4) Touring the Facility the janitorial vendors will want to meet with you and tour your location.
This is very important since they will want a "look and feel" of your buildings Needs and requirements.
Both parties will also want to "get to know each other." This is an ongoing working relationship and both parties should feel they can do business with each other. Have all of your location's specific duties and Needs ready for presentation to your janitorial bidder. Show the individuals all of the areas you want maintained and be very clear what is important to you and your coworkers. It is always best to have any potential issues addressed and their significance clarified from the very start.
5) Once the Bids are Received : Janitorial contractors use a variety of ways to determine their charges. Do not be surprised if these vary extensively with some very high bids, some very low bids and many right in the middle. If you prefer a certain vendor but his or her bid was too high or too low for your consideration, invite them to take a second look at the location and see if an adjustment can be made.
Once you have selected two or three vendors to seriously consider, you must check references. This cannot be stressed enough. Besides checking the references, if at all possible, you should actually go visit the locations listed. Also, ask the client you visit how often. They have complaints with the service and how quickly they are rectified. The concern is not really the problem but how quickly and smoothly things are corrected.
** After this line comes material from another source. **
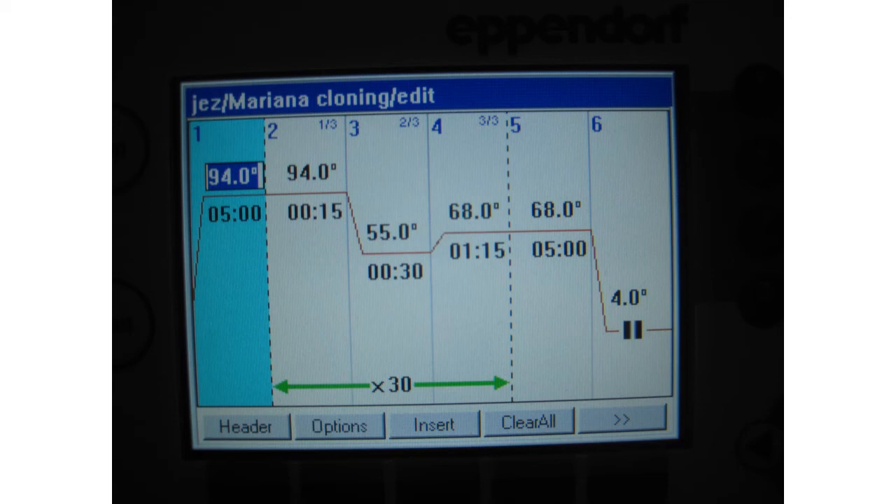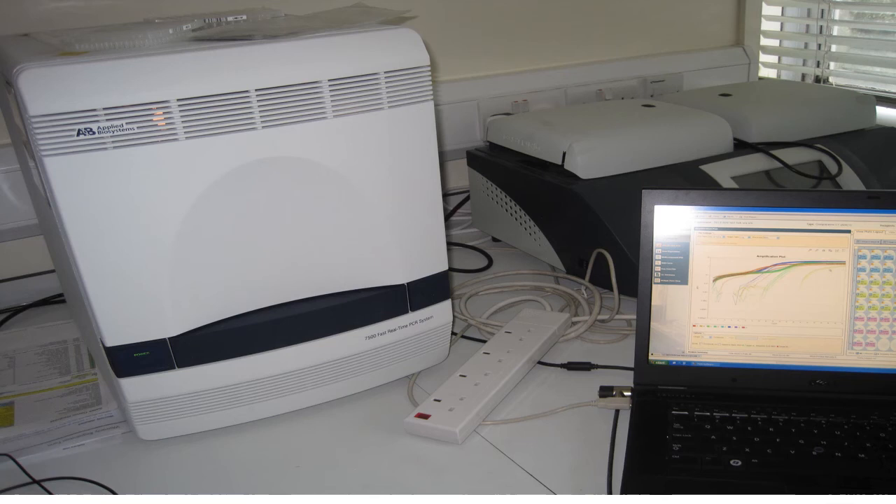In the fourth picture, Professor Simpson showed us a real-time PCR machine. The laptop quantifies the amount of copies of the specific genetic sequence being made in real-time, displaying graphs and data.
See if the janitorial proposal addresses issues regarding the training and experience of their staff. The more training and experience a cleaning crew has, the greater their professionalism and ability to perform to your expectations. If these issues are not addressed in a proposal that you are considering, ask for this information. It's important.
6) Once the New Service Begins Since most cleaning work is performed after hours, customer and cleaner rarely see each other. For this reason, good communication is critical.
Set up a Communication Log Book for quick and easy comments between yourself and the cleaning crew. This is a book where items needing attention can be written by either party. For emergencies or immediate attention, make sure you have a cell phone or pager phone number for your service and they have one for you as well. Your janitorial contractor should also have an emergency phone number for the alarm company servicing your location.
If you have a janitor's closet, allow your cleaners to store their equipment and supplies in the closet.
This should be a safe place for their items. If any chemicals are to be stored on location ask the contract to have all safety data sheets in this location for your inspect.
Janitors usually prefer cleaning a location when everyone is gone. Let your cleaners know when the best time to service your building is. Additionally, it is a good idea to schedule regular face-to-face meetings with your cleaning contractor clear up any issues that may arise.
Some large complexes will meet with cleaning supervisor’s on-location during business hours every day.
Smaller offices may like someone to pay them a visit every few months.
7) Cost Factors: You might get a price break by signing a long-term contract, your own trash, and washing inside windows less often, Not including dishes being clean can save a great deal of money. Having the office cleaned less frequently will cut costs. Purchasing your own cleaning supplies can save you money. Carpeting is less expensive to clean than hardwood or tiled floors. You will pay more for white glove service than for standard cleaning. Densely populated office space will be more expensive to clean as will a factory. Multiple bathrooms will add to your bill.
8) Working with Your Janitor: Do a walk through to explain tasks that you are expecting to be performed. Establish a routine before first cleaning. Make sure janitor has building access and knows security procedures. Obtain an emergency contact number for you to contact them and furniture them one for you.